Born in Nairobi, raised in Kiambu and Gatundu, Kenya, Jacqueline Nyambura Kimotho-Gonzalez showed a passion for justice at a young age translating into a life of work leading her to a career in politics.  The oldest of five, Jacqueline learned early on the responsibility of caretaking and support within the domestic sphere, taught by her audacious and extraordinary, single mother.  A sense of responsibility which carried itself to a presence in her community, whether it be cutting fair slices of bread for everyone at dinner or helping children being bullied in her class.  At times she even would play the role of advocate and leader for her peers in class, asking for justice for anything from the manner in which tests were graded to ensuring all students were being treated fairly.  The passion for politics and justice revealed itself early on and through a successful career in Kenya, Jacqueline immigrated to America continuing in a number of state government campaigns and positions, an emphasis in grassroots movements to safeguard the engagement of all people in policy making.

With a no frills upbringing, Jacqueline’s mother was insistent on her education.  She attended St. Peter and Paul’s Catholica pre-school in Kiambu followed by a brief time at Gicoco Primary School before relocating to Ngorongo.  Here she began her education at Ndkei Primary School until her resilient mother, despite challenges, found a way to send her to St. Michael Girls boarding school in Kerugoya.   Knowing the sacrifices her mother made to always give her children the best, Jacqueline dove head first into studies earning her the top KCPE spot in the Kirinyaga District, therefore the top spot at Kenya High School.  Jacqueline’s political interests formed early on but with continuing education began to realize the flaws within the system.  Learning of government in early years of school, only having one president and a one party system had seemed second nature, however she came to realize there was little to be inspired with this level of government control.  The first political figures she encountered in studies were Koigi Wa Wamwere, Kenneth Matiba, and Wangari Mathaai and credits their community activism to the foundation for her growing political beliefs and desire to learn more.

And the experience at Kenya High School immensely broadened her world; she first felt inspired by the environmental protection movements and after a chance to study abroad in Germany during the summer of 1995, found their clean environment a motivation for future educational and career decisions.

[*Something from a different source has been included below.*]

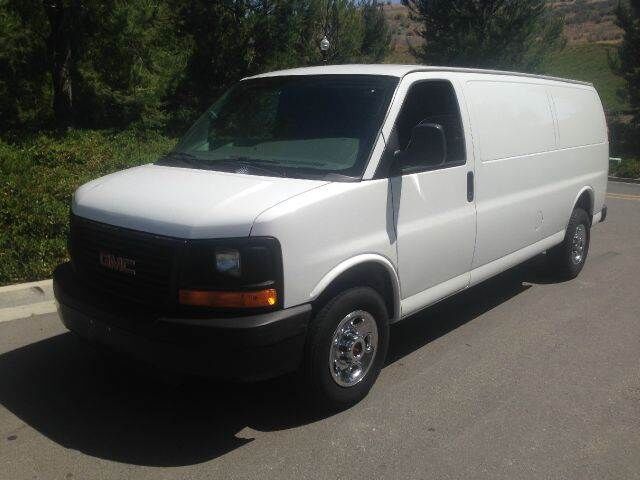 2011 GMC Savana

With the provisions of more examples of political activism on the national level, she learned of Dr. Ouko, Hon.Orengo, Hon. Shikuku, Hon. Raila Odinga-and understanding how their thought processes impacted the world she lived in.  As a teenager, the fearlessness of those who thought outside of the political box drove her to learn about issues of corruption: the environment, the plight of homeless children, and to what she could begin to grasp of the concept of free speech.   It was a period in her life when Wangari Maathai and her work with the Greenbelt Movement felt concrete and increasingly applicable in Kenya, so after graduation Jacqueline chose to pursue Environmental Studies at Kenyatta University.

Taking every opportunity available, Jacqueline’s work ethic and sense of community presented her a number of work experiences.  The dean of Kenyatta overheard Jacqueline and friends conversing in German and quickly recommended she reach out to Dr. Manfred Van Eckert for a summer practicum at their IFTSP project.  Despite the three month term, she stayed longer as many universities were closed due to riots.  Upon returning to Kenyatta University, Jacqueline became involved with the Uvumbuzi Club, an environmental society known in Nairobi for hosting a huge annual Bikathon to fundraise for an environmental necessity each year.  Jacqueline took a position within the society and worked as their Secretariat Coordinator until her graduation from Kenyatta University.  With the breadth of experience in her undergraduate studies, Jacqueline had her sights set on pursuing a graduate degree in Europe, preferably Germany, the Netherlands, or Britain.  Yet plans change when least expected and while working in a field study unit in Kitale Jacqueline met a group of American missionaries and formed a tight knit friendship.  Over the next three years they would reunite in Kitale as the missionaries returned, always extending an invitation to Jacqueline to visit the United States.  While interested in the American belief system she politely declined having little interest in America over Europe.  After graduation she took a position as an Agricultural Officer at the UNHCR Refugee Camp in Kakuma under the guidance of Dr. Van Eckert and worked until May of 2002 brought the fold to finally take the adventure in America.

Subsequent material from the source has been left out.